As seen in 2.2.5, the DT parameter mechanism allows multiple targets to be patched from the same parameter, but the utility is limited by the fact that the same value has to be written to all locations (except for format conversion and the negation available from inverted booleans). The addition of embedded literal assignments allows a parameter to write arbitrary values, regardless of the parameter value supplied by the user.

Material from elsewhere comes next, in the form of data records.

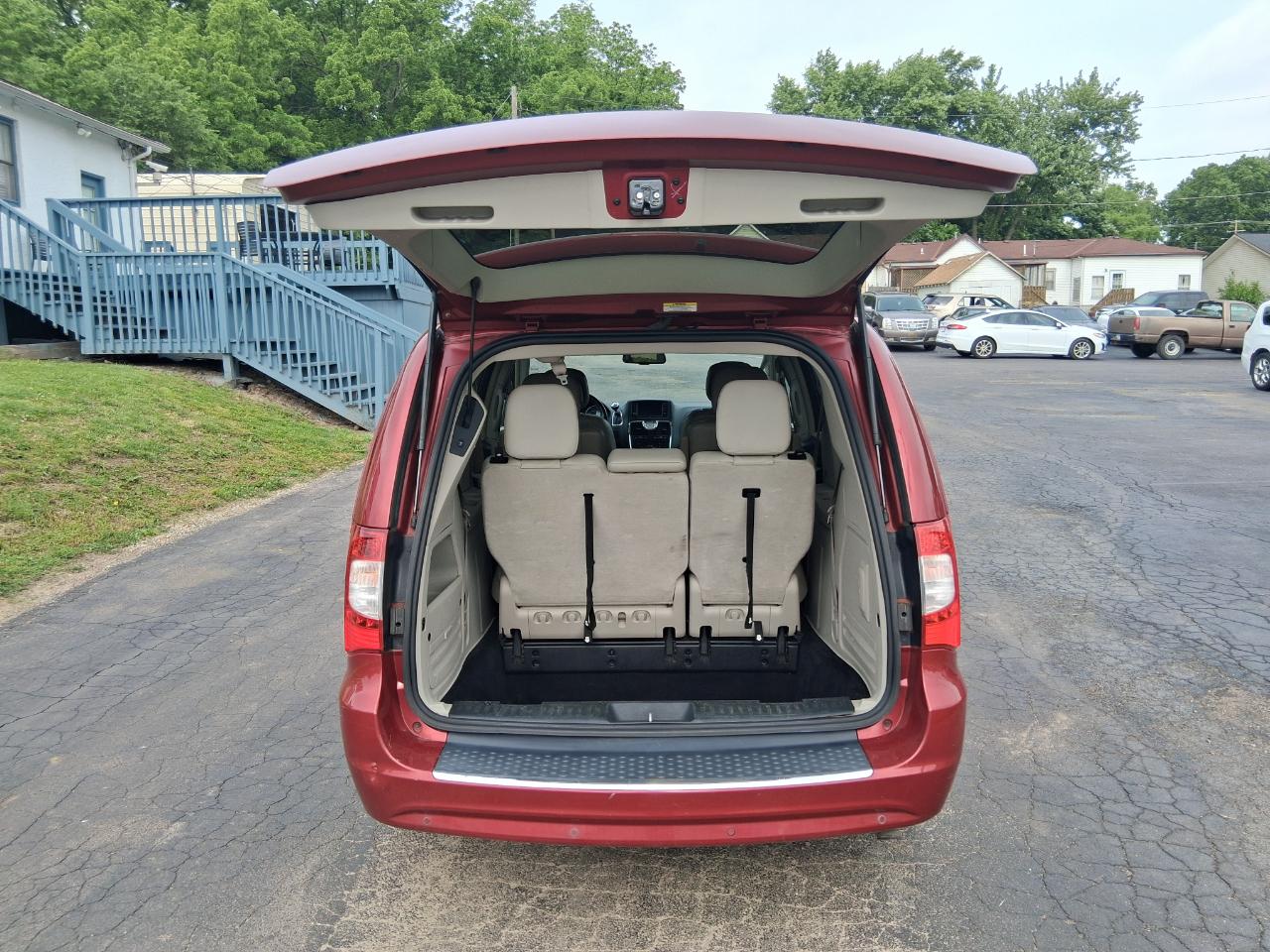 Chrysler Town & Country Touring-L 2012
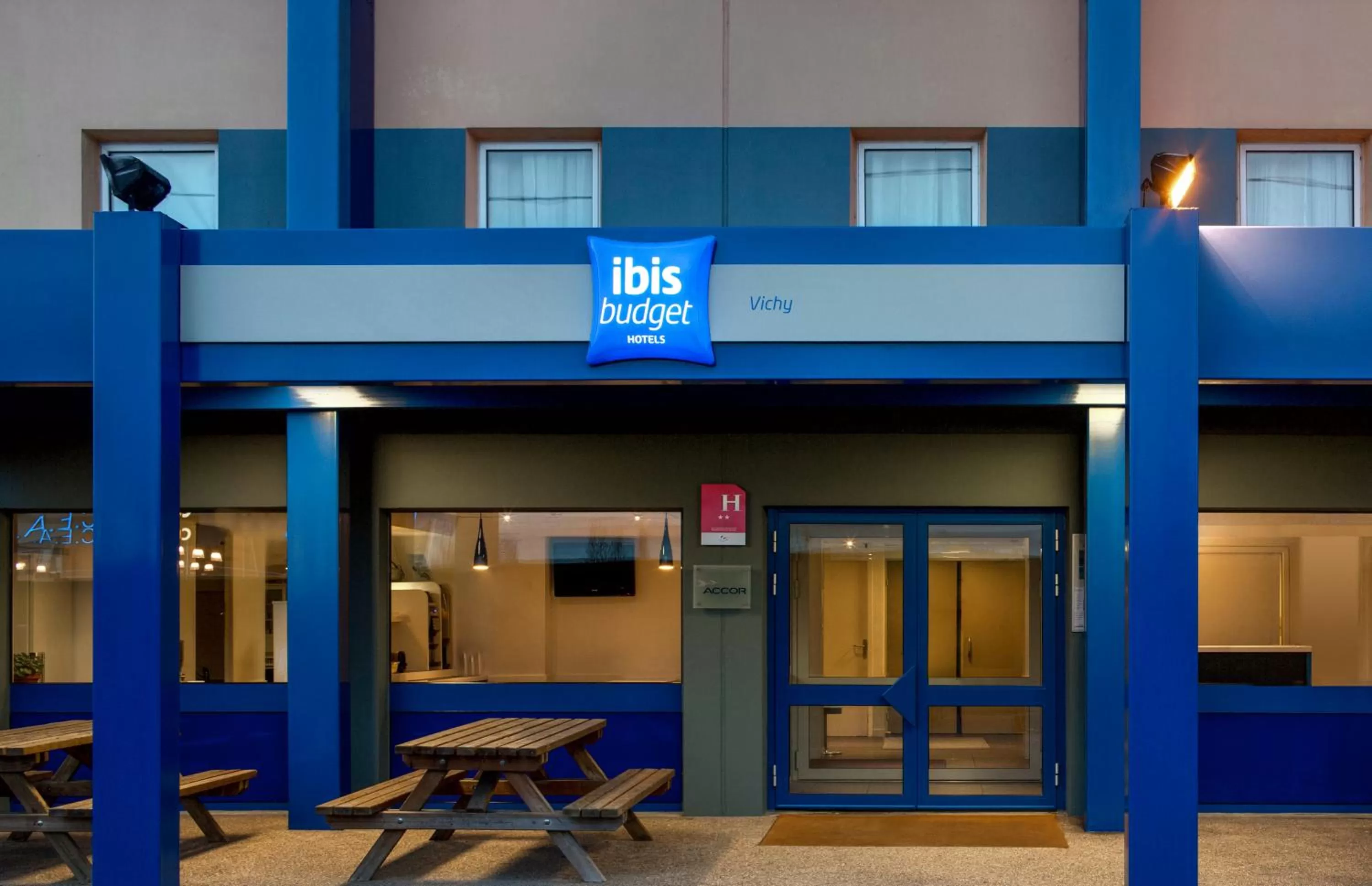 Facade/entrance in Hotel Ibis Budget Vichy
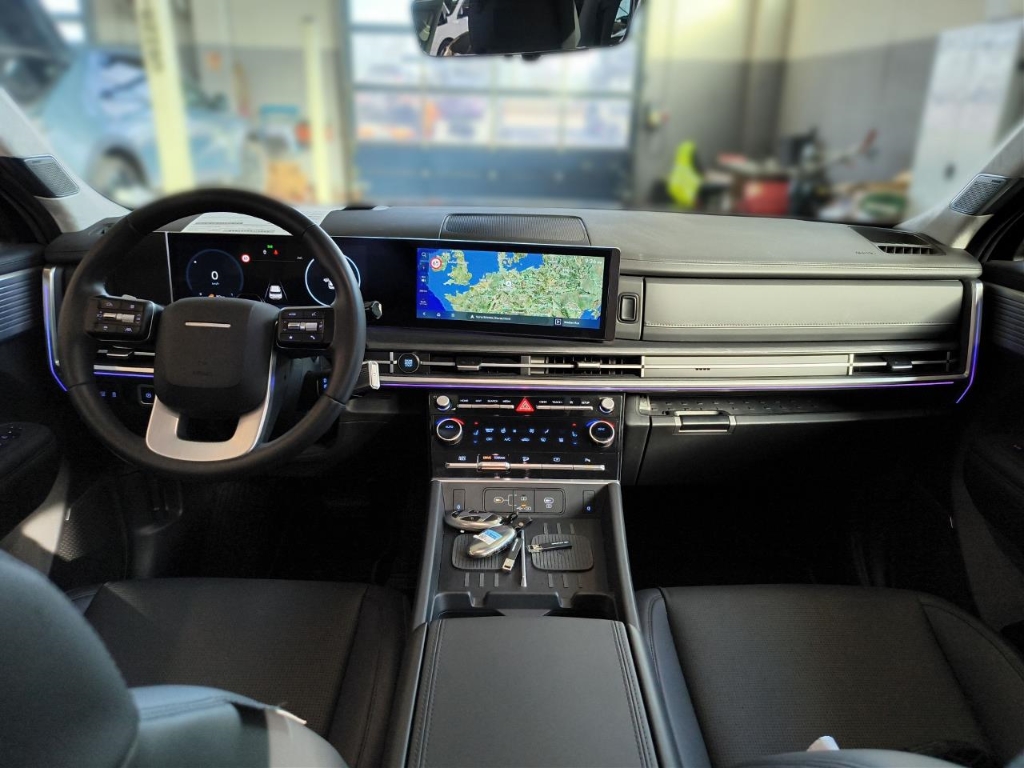Fahrzeugabbildung Hyundai SANTA FE HEV MY25 1.6 AT 4WD Signature Pano Komf Tech 5-Sitz Navi Leder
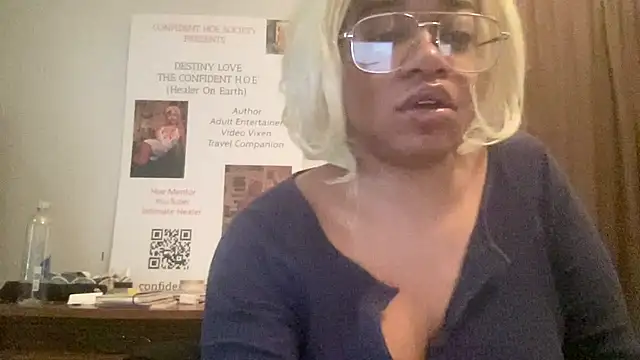 MommyConfident online show from April 25, 2026, 6:16 pm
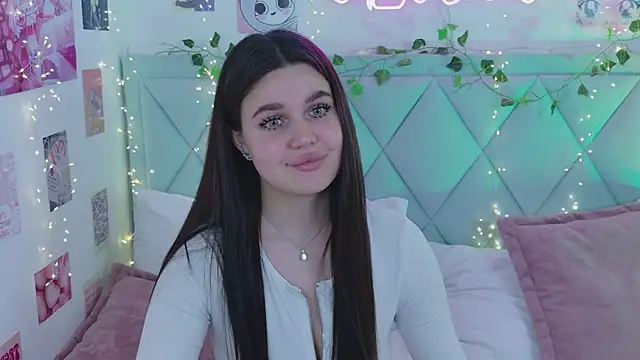 Snapshot of RihannaRose chatting on 01-25-25, 10:50 RihannaRose online show from 01-25-25, 10:50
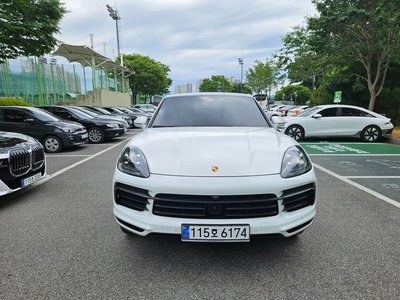 PORSCHE CAYENNE - 4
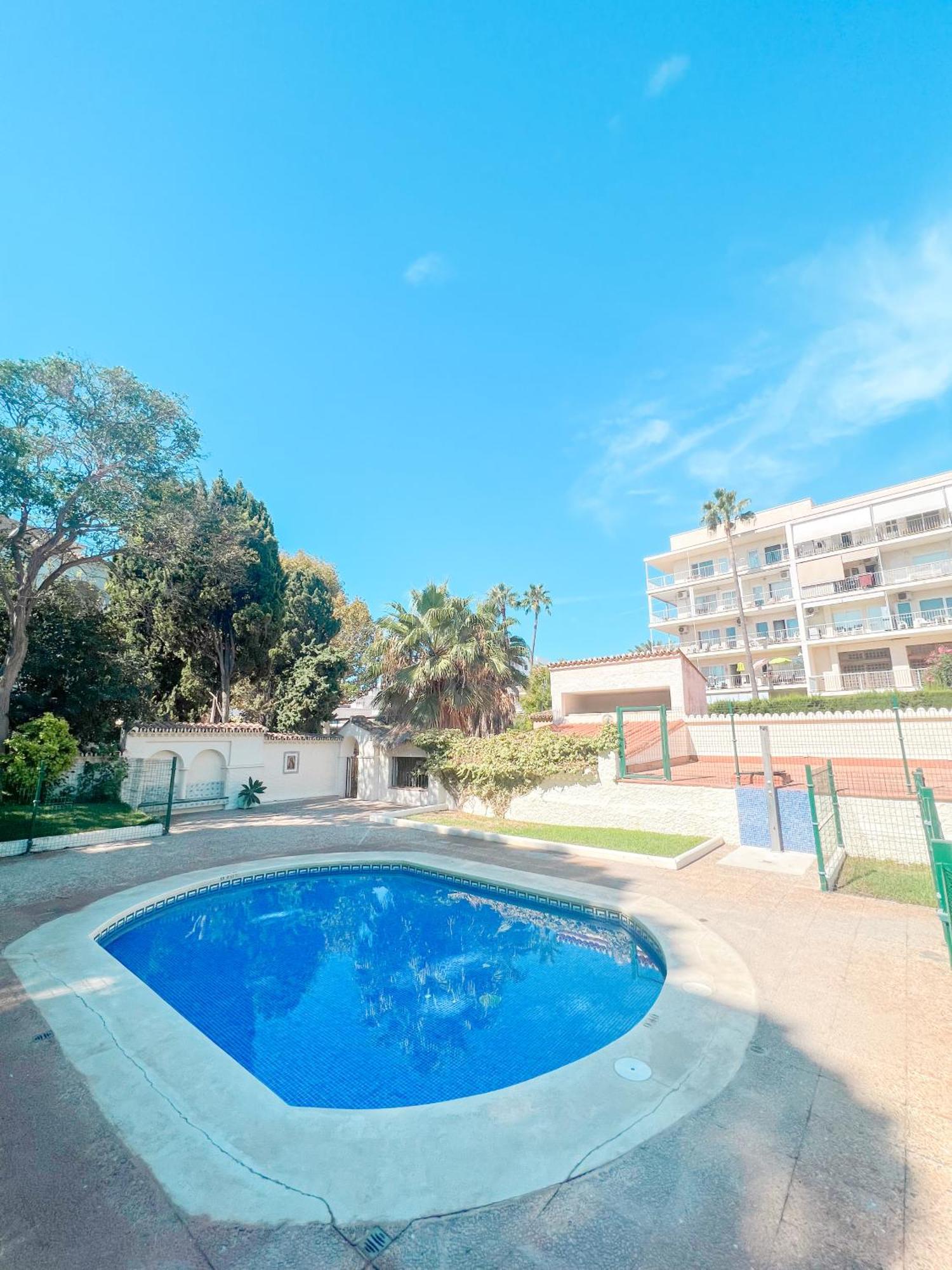 Apartamento Carihuela Park Palace a 600 metros de la playa Torremolinos Exterior foto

Assignments appear at the end of a declaration, and are indicated by a =:

str_val  = <&target>,"strprop=value";              // 1
int_val  = <&target>,"intprop:0=42                 // 2
int_val2 = <&target>,"intprop:0=",<42>;            // 3
bytes    = <&target>,"bytestr[=b8:27:eb:01:23:45"; // 4

Lines 1, 2 and 4 are fairly obvious, but line 3 is more interesting because the value appears as an integer (cell) value. The DT compiler evaluates integer expressions at compile time, which might be convenient (particularly if macro values are used), but the cell can also contain a reference to a label:

// Force an LED to use a GPIO on the internal GPIO controller.
exp_led = <&led1>,"gpios:0=",<&gpio>,
          <&led1>,"gpios:4";

When the overlay is applied, the label will be resolved against the base DTB in the usual way. Note that it is a good idea to split multi-part parameters over multiple lines like this to make them easier to read - something that becomes more necessary with the addition of cell value assignments like this.